[Source information]

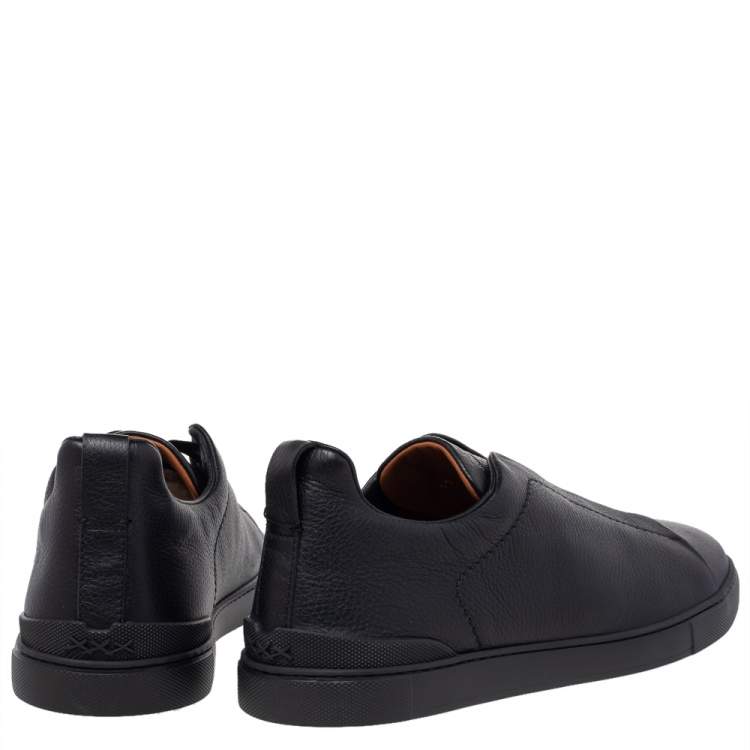 Pre Owned Ermenegildo Zegna Couture Black Leather Triple Stitch Slip On Sneakers Size 46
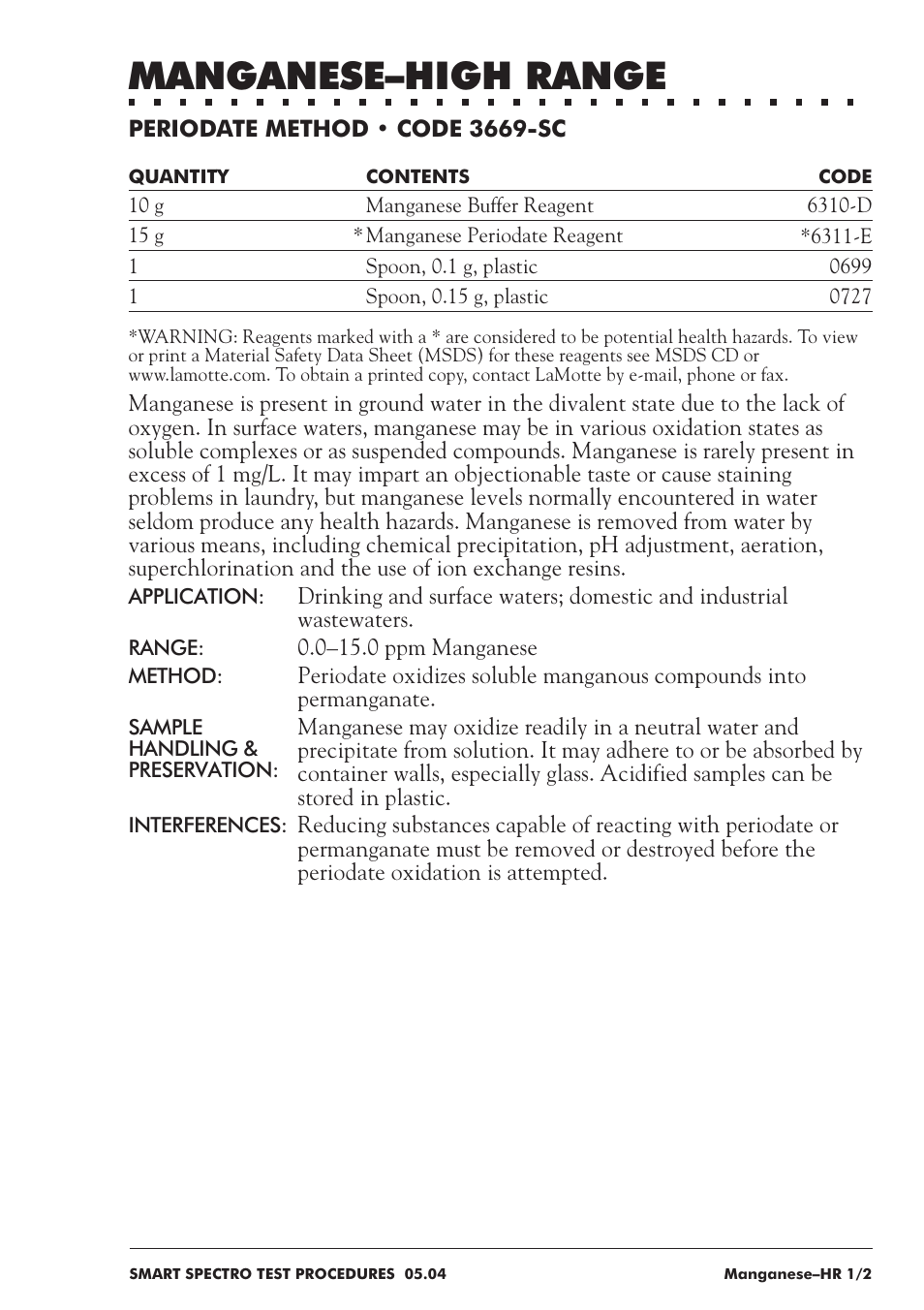 Manganese–high range | LaMotte SMART Spectro Spectrophotometer User Manual | Page 162 / 237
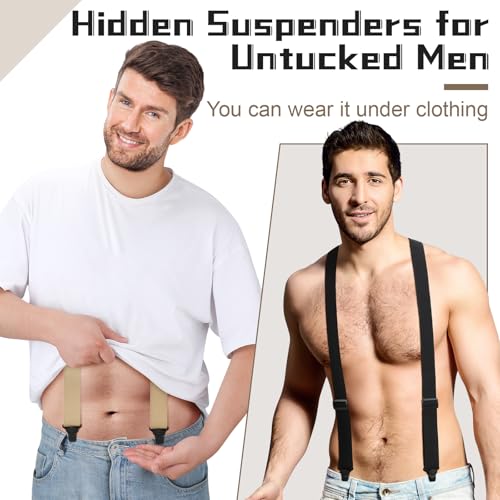Image of Janmercy 2 Pcs Hidden Suspenders for Men, 1.5 inch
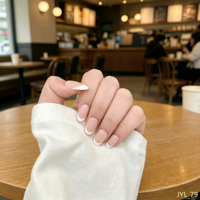 Lot de faux ongles en ABS, style français, design parisien, couleur crème, profil bas, forme rectangle, à clipser, qualité professionnelle, forme cercueil effilée, couvrance totale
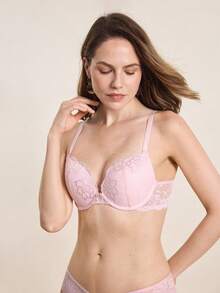 Hourtrue Deyllo Women's Lace Padded Bra, Comfortable Thick Underwire, Soft & Cozy, Adjustable Straps, Suitable For Everyday Wear & Loungewearfor Summerfor Summer - Baby Pink - View 7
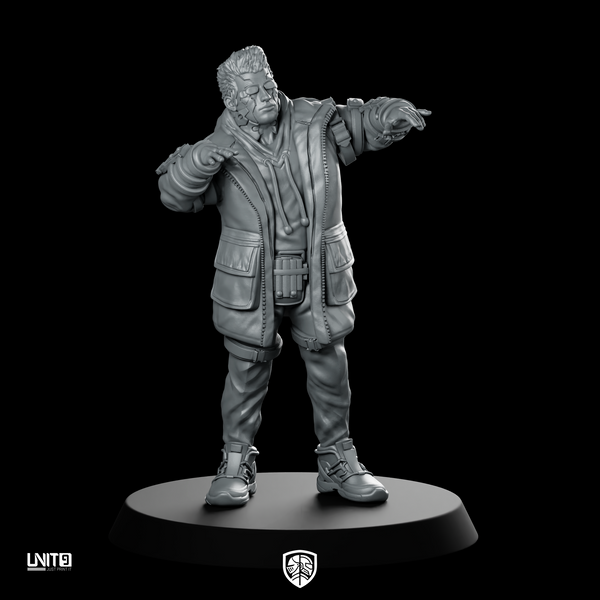Max Carter 02 Miniature Cyberpunk Leader Pointing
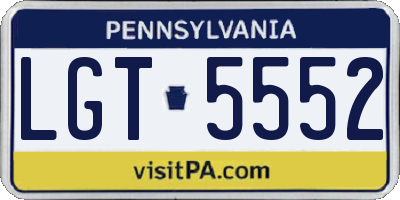 PA license plate LGT5552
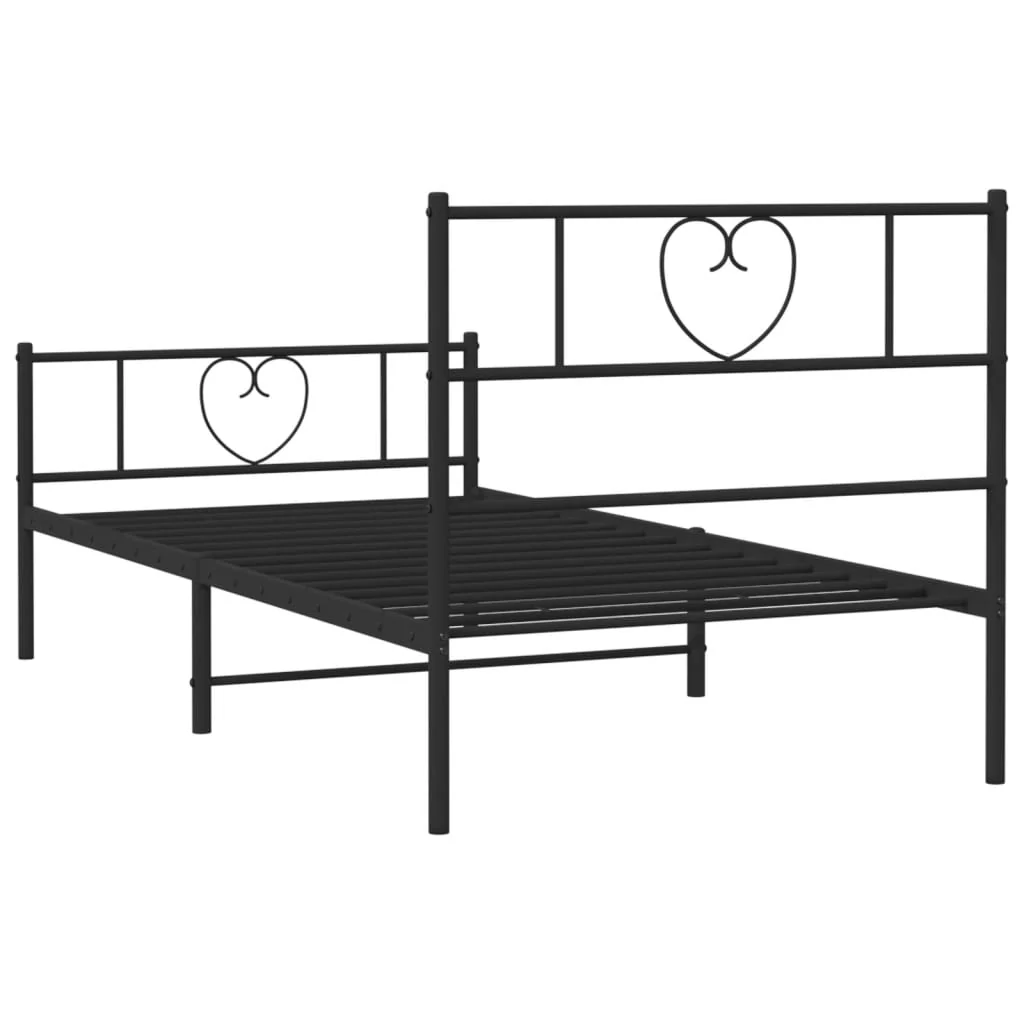 sengeramme med sengegavl og fodgærde 107x203 cm metal sort - Image 7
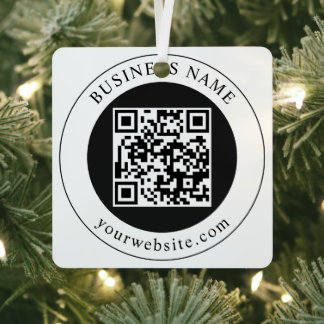 QR Code with Business Name Editable Metal Ornament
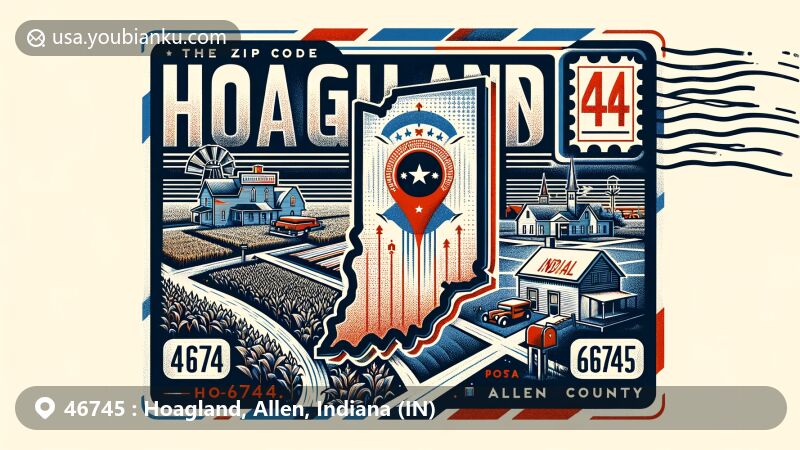 Modern illustration of Hoagland, Allen County, Indiana, inspired by a vintage air mail envelope with postal theme for ZIP code 46745, featuring Indiana state flag, local landmarks, and rural community elements.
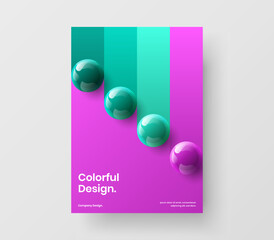 Bright 3D balls leaflet template. Colorful placard vector design layout.
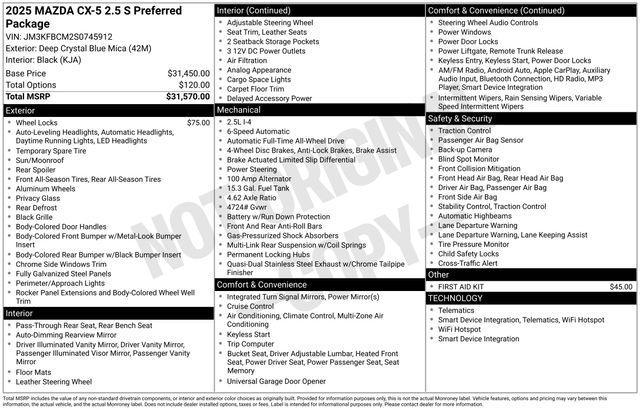 new 2025 Mazda CX-5 car, priced at $32,529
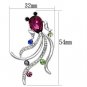 LO2904 - Imitation Rhodium White Metal Brooches with Synthetic Glass Bead in Fuchsia Default Title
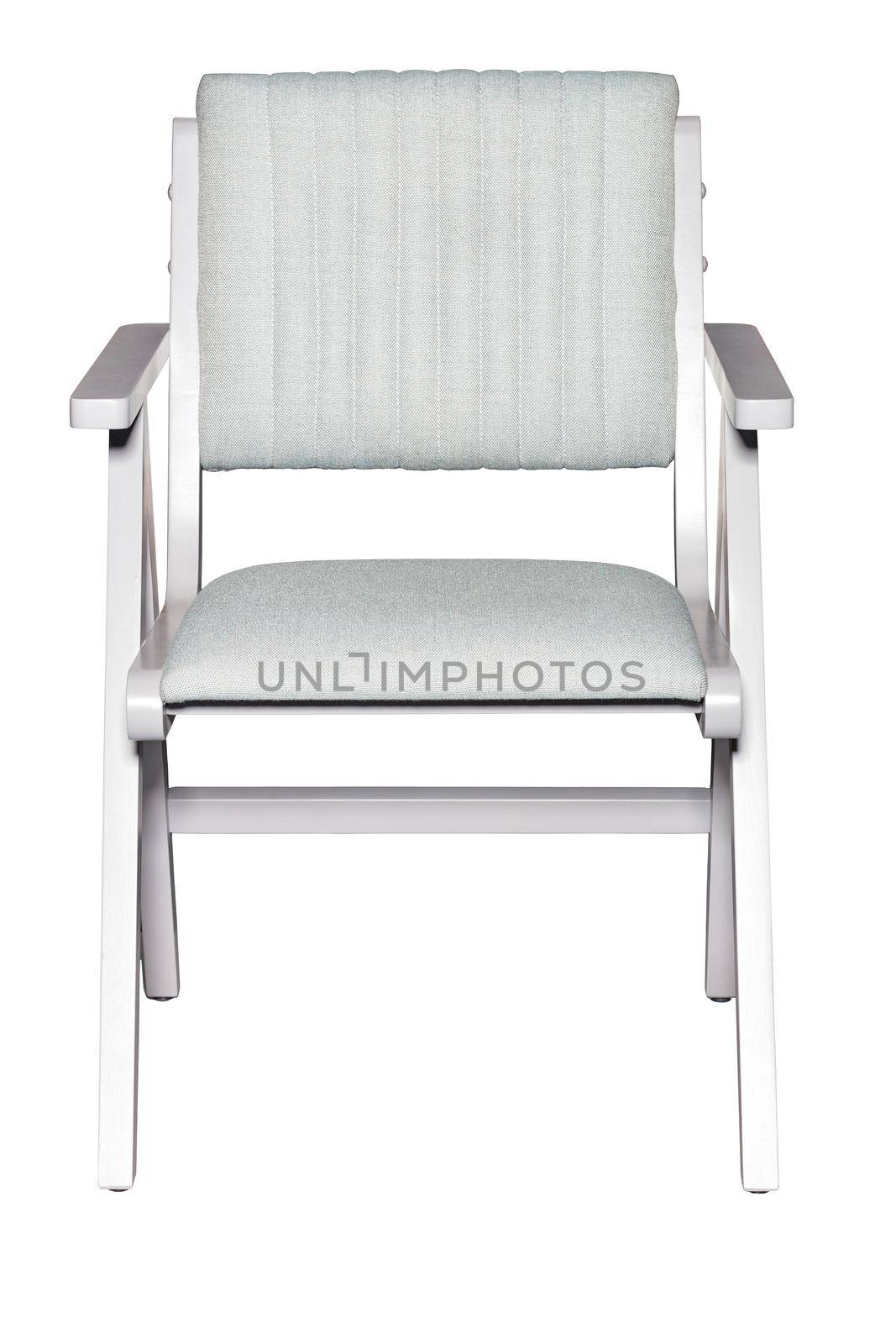 White wooden chair with fabric soft light seat upholstery and comfortable supportive back with armrests, photographed from the front, isolated on white background.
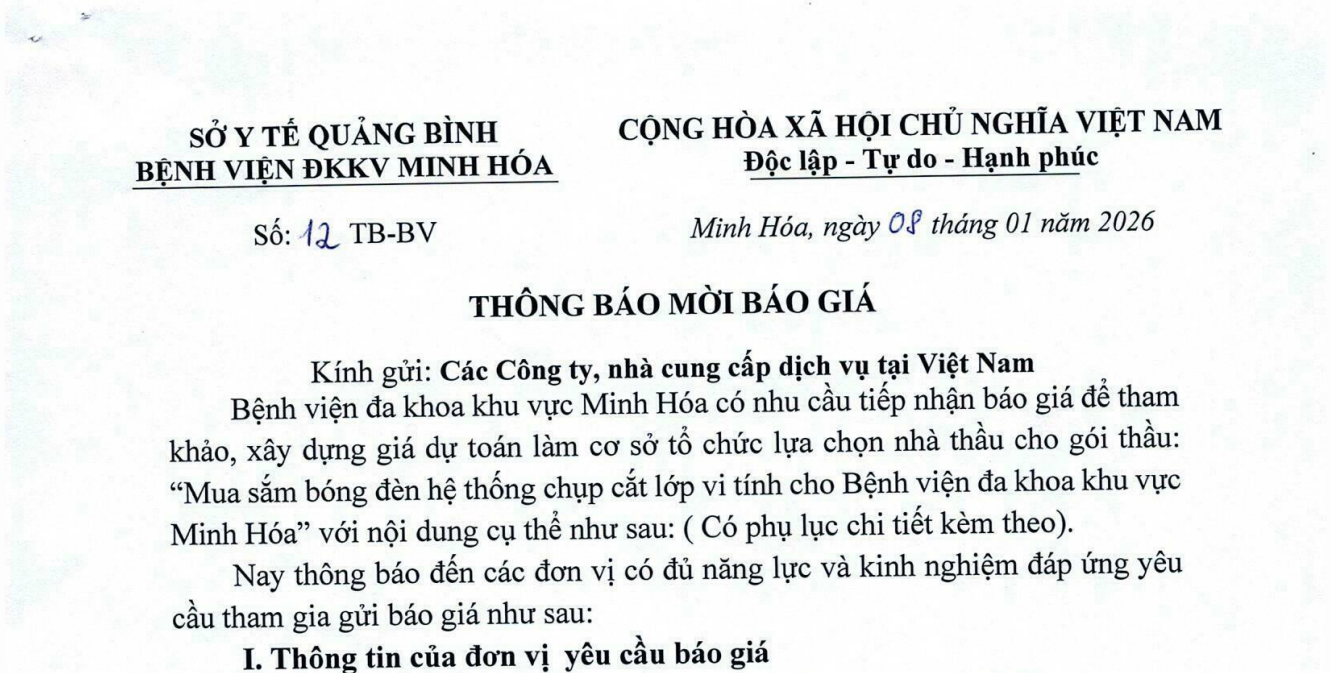 THÔNG BÁO MỜI BÁO GIÁ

[/Source information]

• The task: Would you give the data above again word for word, minus the pictures?

• Exercise result:
 Pre Owned Ermenegildo Zegna Couture Black Leather Triple Stitch Slip On Sneakers Size 46
 Manganese–high range | LaMotte SMART Spectro Spectrophotometer User Manual | Page 162 / 237
Image of Janmercy 2 Pcs Hidden Suspenders for Men, 1.5 inch
 Lot de faux ongles en ABS, style français, design parisien, couleur crème, profil bas, forme rectangle, à clipser, qualité professionnelle, forme cercueil effilée, couvrance totale
 Hourtrue Deyllo Women's Lace Padded Bra, Comfortable Thick Underwire, Soft & Cozy, Adjustable Straps, Suitable For Everyday Wear & Loungewearfor Summerfor Summer - Baby Pink - View 7
Max Carter 02 Miniature Cyberpunk Leader Pointing
 PA license plate LGT5552
 sengeramme med sengegavl og fodgærde 107x203 cm metal sort - Image 7
 QR Code with Business Name Editable Metal Ornament
 Modern illustration of Hoagland, Allen County, Indiana, inspired by a vintage air mail envelope with postal theme for ZIP code 46745, featuring Indiana state flag, local landmarks, and rural community elements.
 Bright 3D balls leaflet template. Colorful placard vector design layout.
 new 2025 Mazda CX-5 car, priced at $32,529
 LO2904 - Imitation Rhodium White Metal Brooches with Synthetic Glass Bead in Fuchsia Default Title
 White wooden chair with fabric soft light seat upholstery and comfortable supportive back with armrests, photographed from the front, isolated on white background.
 THÔNG BÁO MỜI BÁO GIÁ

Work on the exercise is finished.